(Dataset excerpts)
┌──
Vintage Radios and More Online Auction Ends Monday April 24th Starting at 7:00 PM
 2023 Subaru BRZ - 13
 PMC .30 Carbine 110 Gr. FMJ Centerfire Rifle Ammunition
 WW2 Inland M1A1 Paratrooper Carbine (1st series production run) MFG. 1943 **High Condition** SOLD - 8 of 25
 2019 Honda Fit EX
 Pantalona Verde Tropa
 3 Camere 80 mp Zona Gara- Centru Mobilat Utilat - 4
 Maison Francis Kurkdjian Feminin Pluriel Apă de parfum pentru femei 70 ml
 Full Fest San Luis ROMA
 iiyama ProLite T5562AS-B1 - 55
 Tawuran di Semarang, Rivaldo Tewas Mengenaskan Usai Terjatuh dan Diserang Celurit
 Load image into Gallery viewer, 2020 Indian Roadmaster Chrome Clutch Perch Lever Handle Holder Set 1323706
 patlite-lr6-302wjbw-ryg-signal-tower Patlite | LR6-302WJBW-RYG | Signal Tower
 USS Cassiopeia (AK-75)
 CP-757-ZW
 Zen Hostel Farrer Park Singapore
└──
If a line in the entries includes the word "Carbine", copy that line out.

 PMC .30 Carbine 110 Gr. FMJ Centerfire Rifle Ammunition
 WW2 Inland M1A1 Paratrooper Carbine (1st series production run) MFG. 1943 **High Condition** SOLD - 8 of 25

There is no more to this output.